Fenomena munculnya karang baru adalah proses alamiah. Sementara perjuangan bangsa berdasarkan realitas jelas menunjukkan polugri harus senantiasa realistis dan kenyal (adaptif) terhadap perkembangan internasional. Bisa diartikan, realitas munculnya ”karang” baru harus diimbangi dengan kemampuan adaptif polugri RI. Kalau tidak, bisa terjadi polugri untuk memperjuangkan kepentingan negara akan salah arah dan sasaran.

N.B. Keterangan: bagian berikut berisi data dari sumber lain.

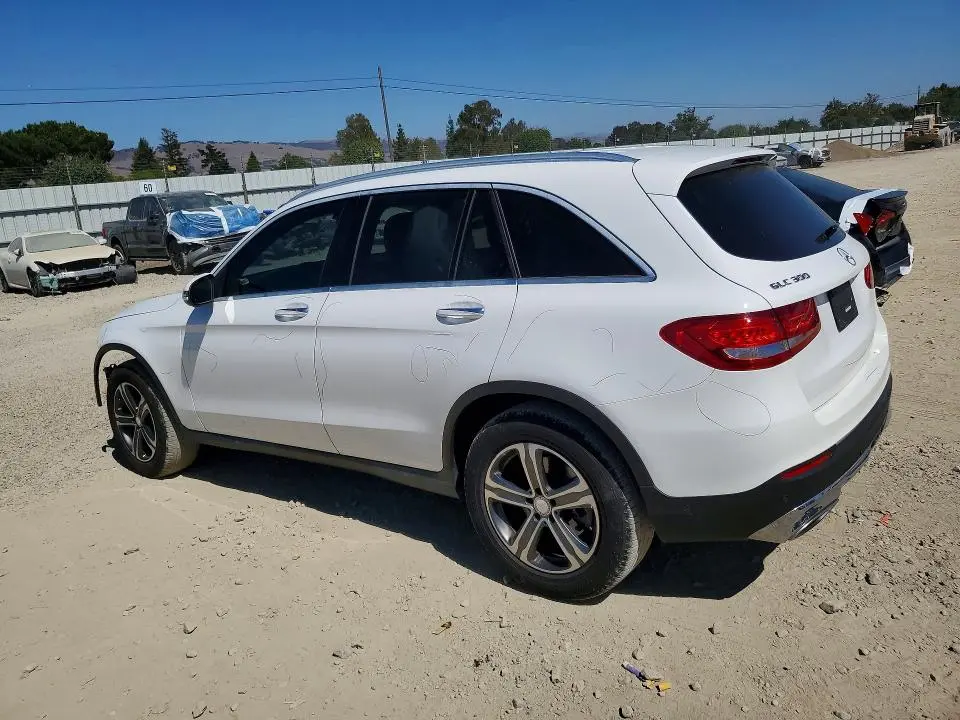 2017 MERCEDES-BENZ GLC 300  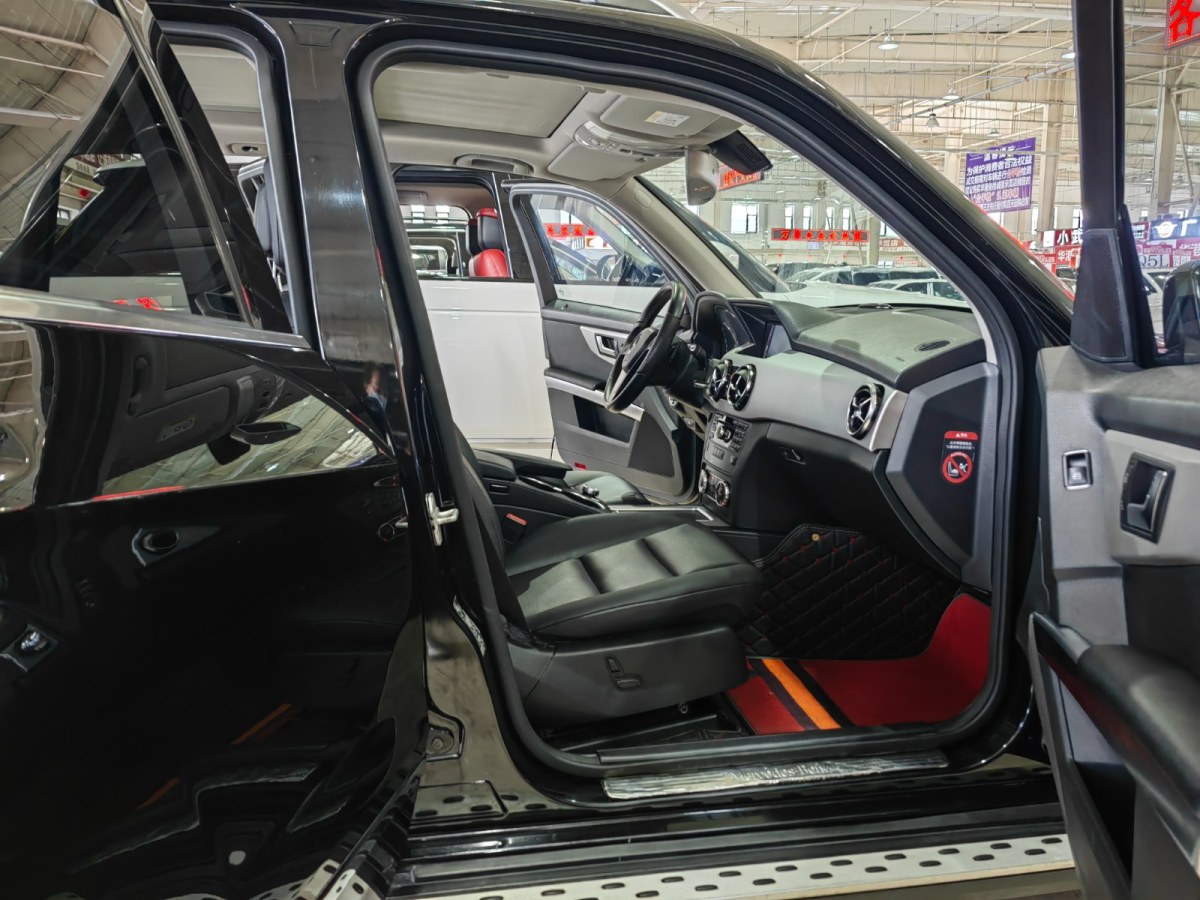 2014年6月奔驰 奔驰GLK级  2013款 GLK 300 4MATIC 动感天窗型
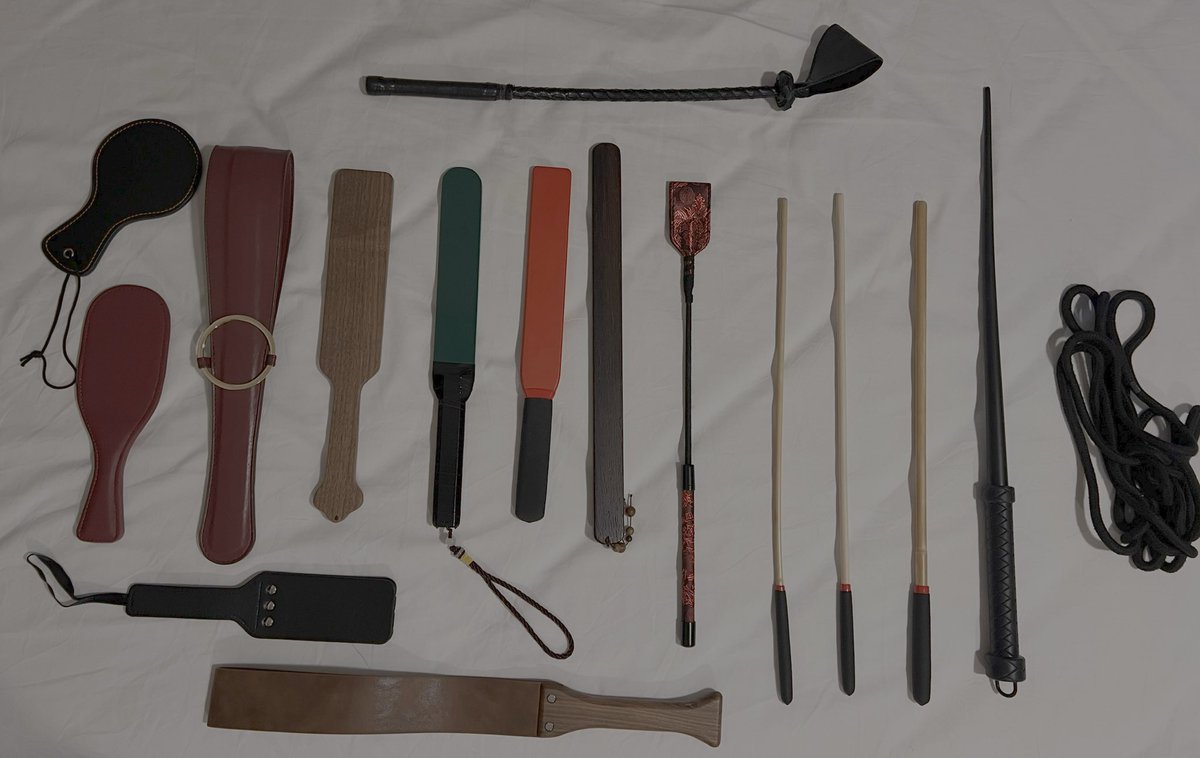 越来越多的工具 但还是最喜欢巴掌 #sp #打屁股 #spanking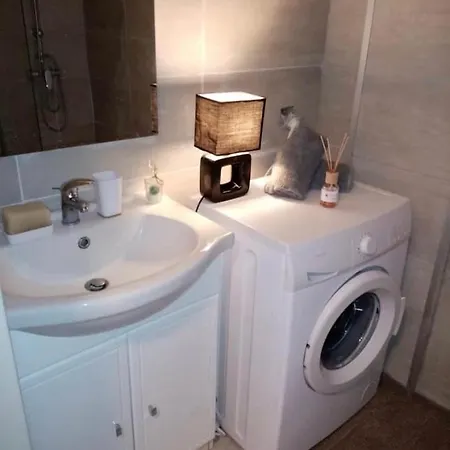 Golfe Juan : Appartement Proche Mer Apartman *
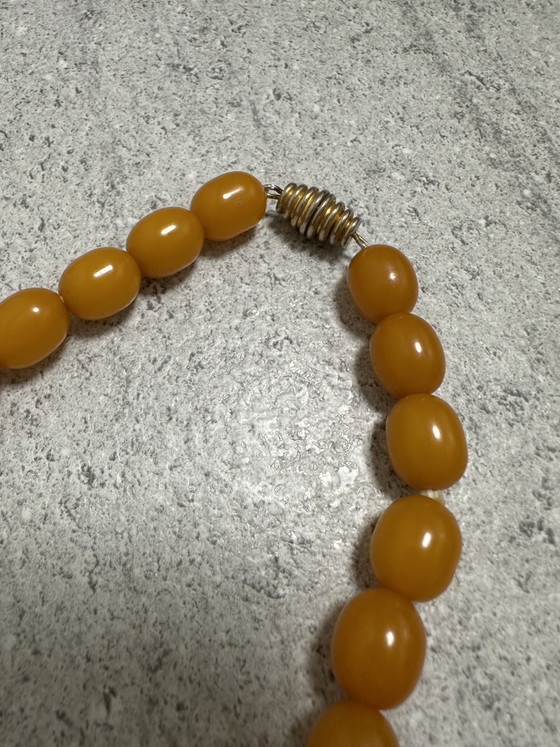 Image 1 of Collier en bakélite couleur caramel, 80 grammes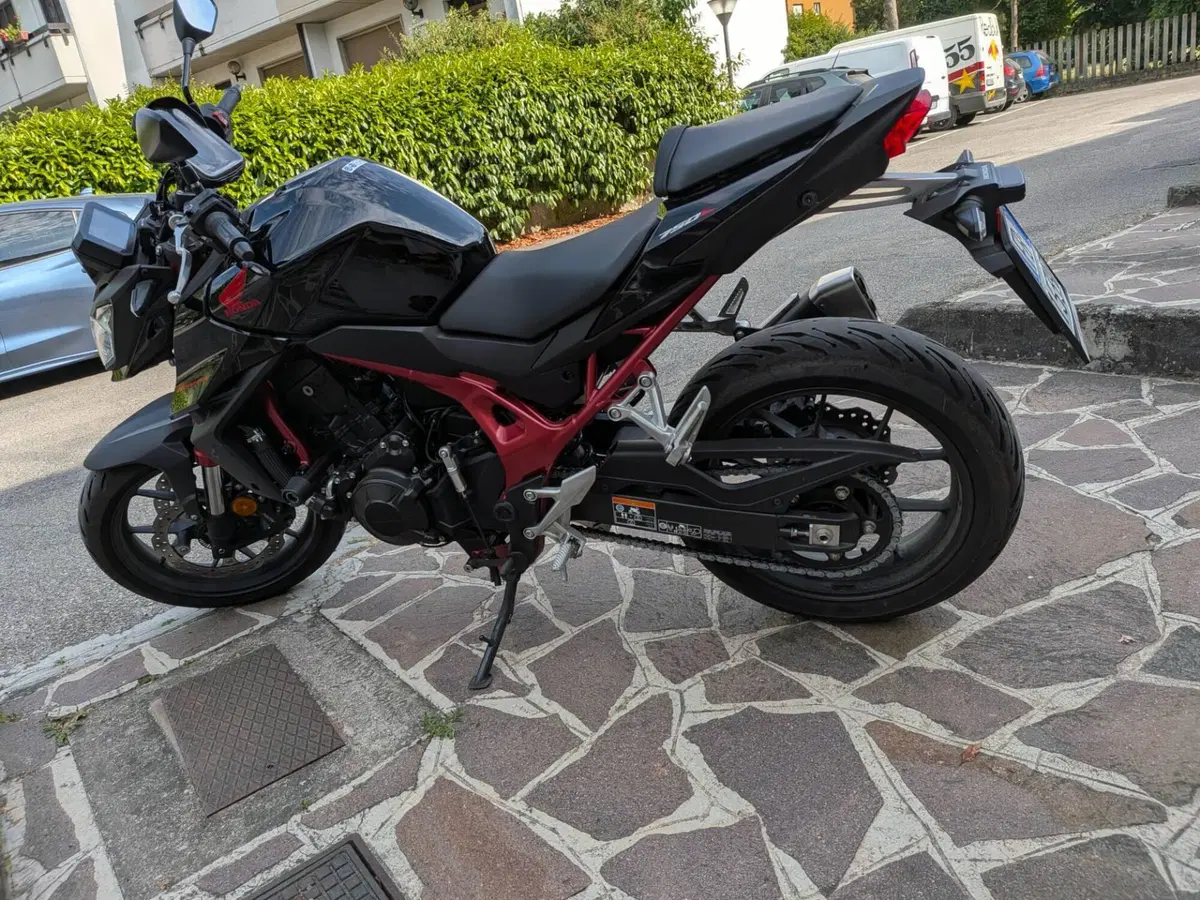 Honda CB 750 Hornet (2023 - 24) (7)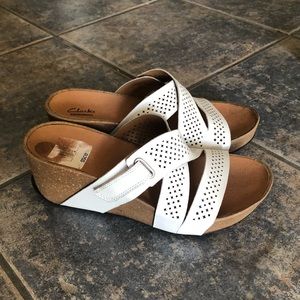 Clark’s white strap wedge sandals SZ US 8M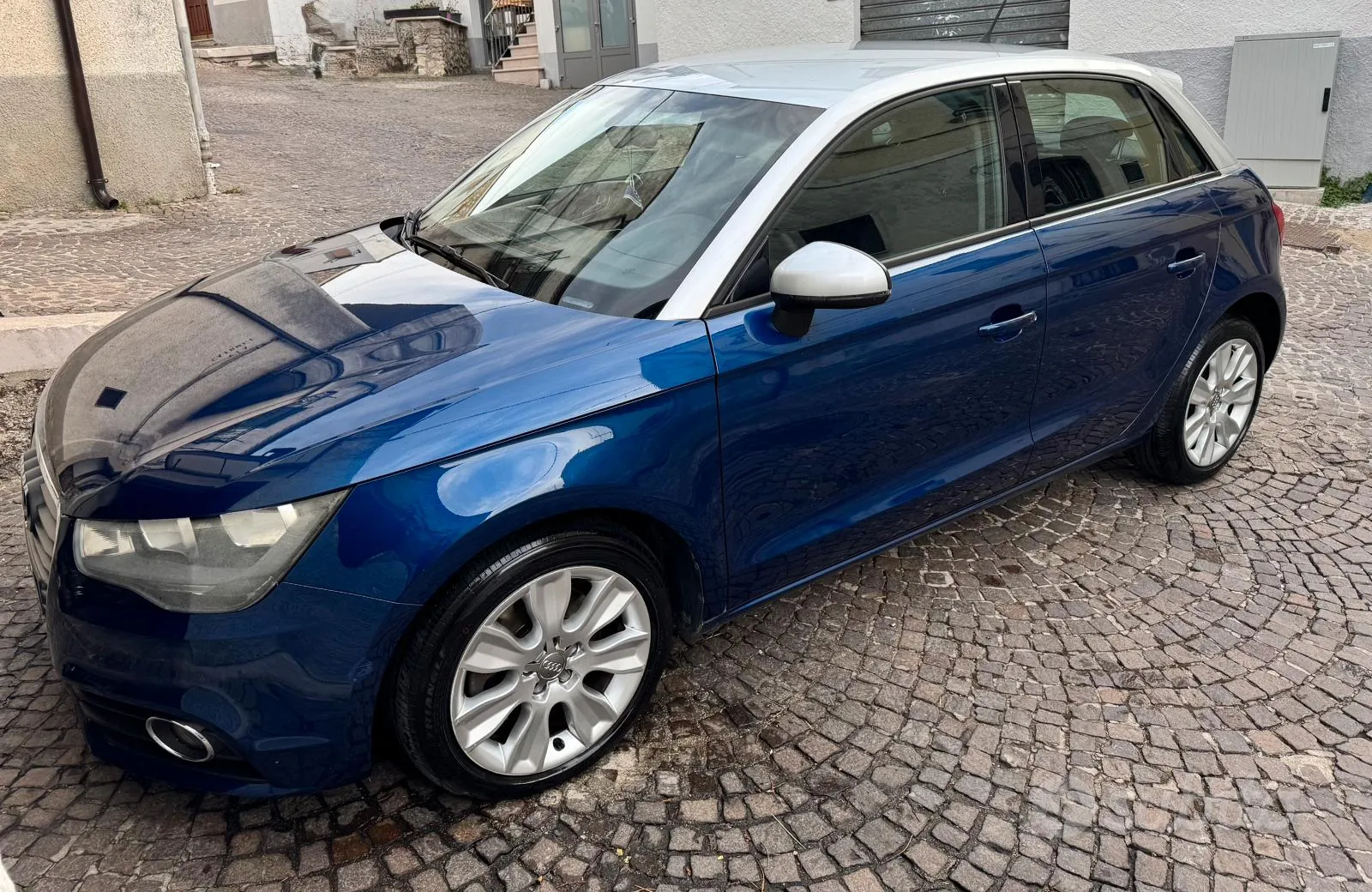 Audi A1 2012 photo 2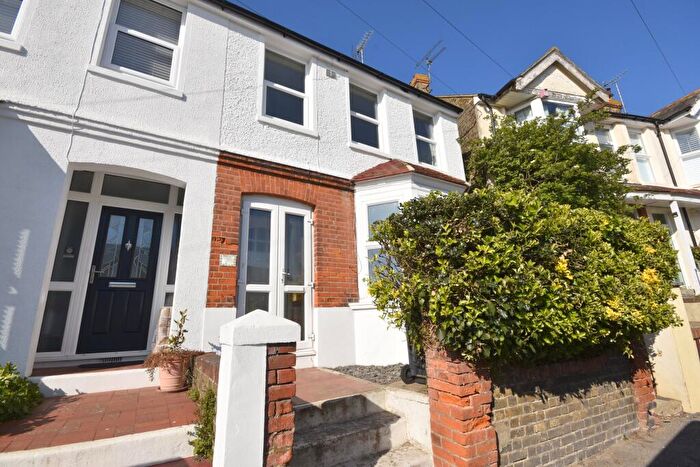 3 Bedroom Semi Detached House For Sale In Fitzroy Avenue, Margate, CT9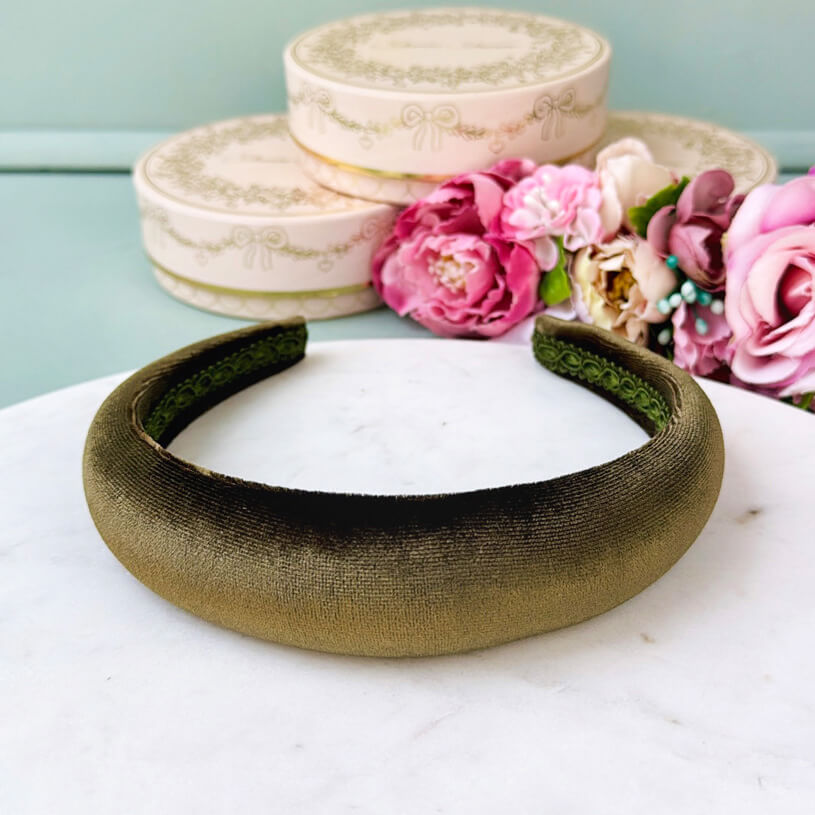 Glatter Samt-Haarreif in Oliv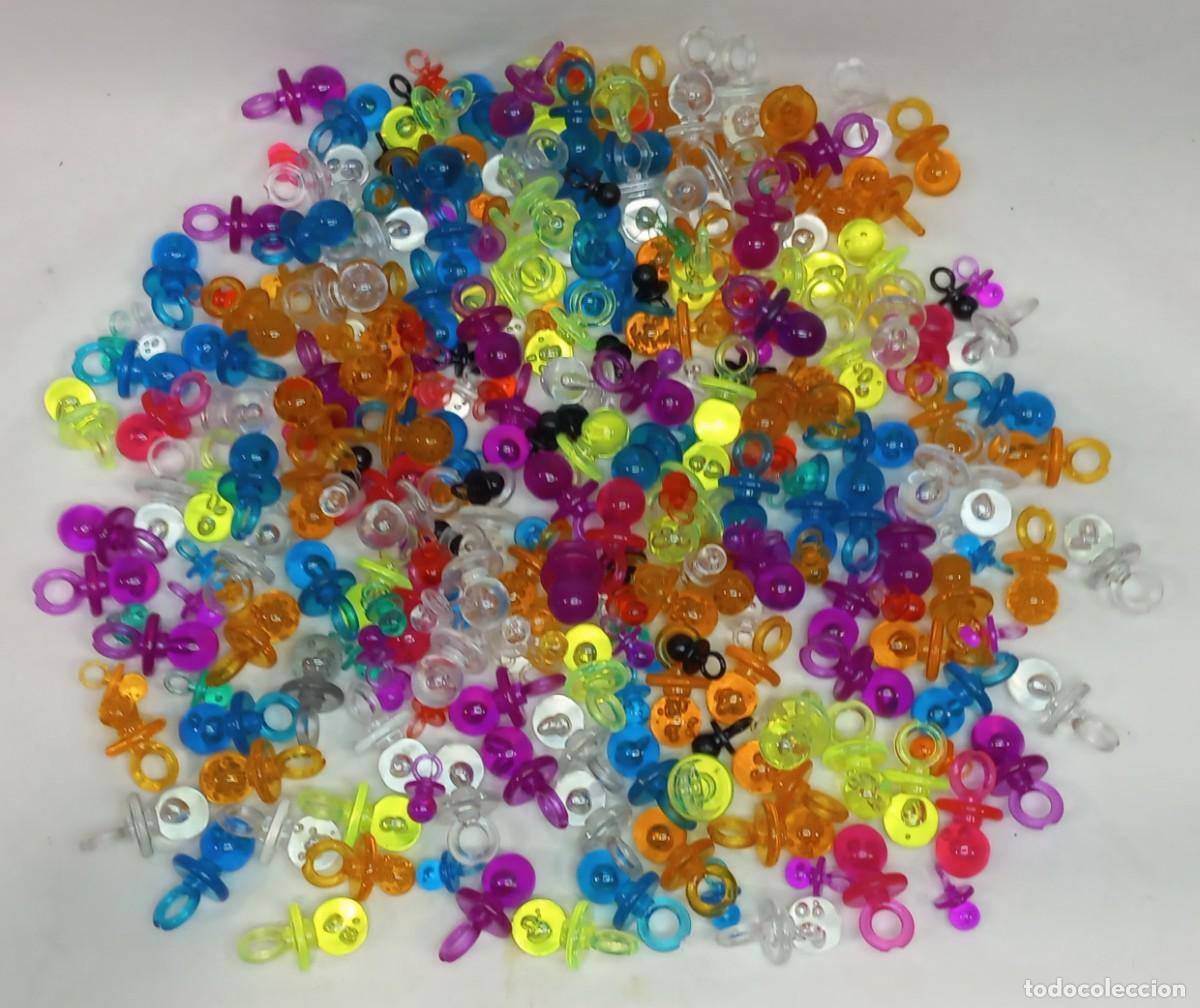 Juguetes antiguos y juegos de colecci&oacute;n: GRAN LOTE DE 260 PEQUE&Ntilde;OS CHUPETES DE COLORES Y 2 TAMA&Ntilde;OS - RESTO DE KIOSKO A&Ntilde;OS 80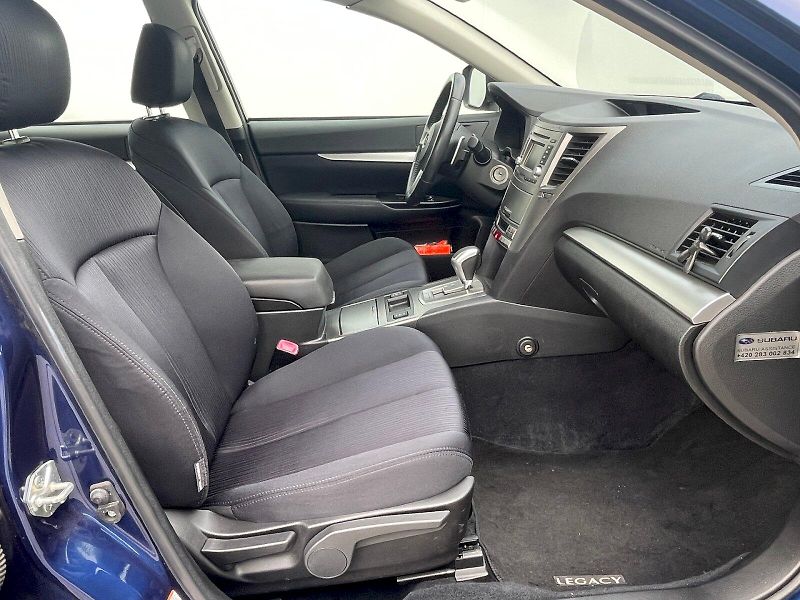 Subaru Legacy (2013) 2.5i / 123 kW 4x4 - fotka 9 z 30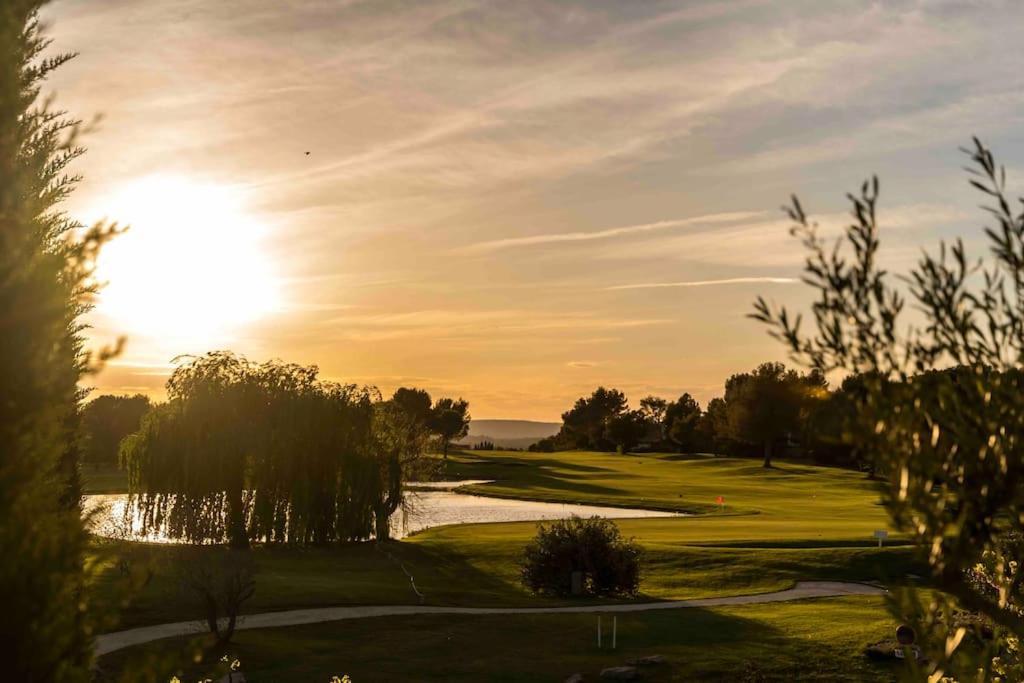 Magnifique Vue Lac Au Golf De Pont-Royal Mallemort Exteriér fotografie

Pernyataan Rosihan bahwa polugri tak boleh pasif jelas menunjukkan bahwa untuk memperjuangkan kepentingannya, Indonesia tidak boleh bergantung hanya pada satu pihak, tetapi aktif bekerja sama dengan semua negara, termasuk kekuatan utama dunia. Sementara ”berhak memutuskan pendiriannya sendiri” jelas merupakan penegasan kedaulatan, jati diri, dan kehormatan bangsa Indonesia, yang tak mau didikte siapa pun, termasuk kekuatan besar sekalipun.
Inilah salah satu prinsip kesetaraan (equal footing) yang harus ditegakkan dalam hubungan internasional.
Dengan demikian, mendayung di antara dua karangnya Bung Hatta jelas didasarkan situasi geopolitik saat itu. Sejalan dengan perubahan realitas, perahu polugri juga harus siap beradaptasi dalam mengarungi tiga karang.
Adaptasi atau penyesuaian ini sama sekali tidak mengurangi makna historis, prinsip, dan substansi gagasan Bung Hatta. Mendayung di antara tiga karang sudah menjadi keniscayaan; tinggal bagaimana kita bermanuver di antara kekuatan tripolar itu.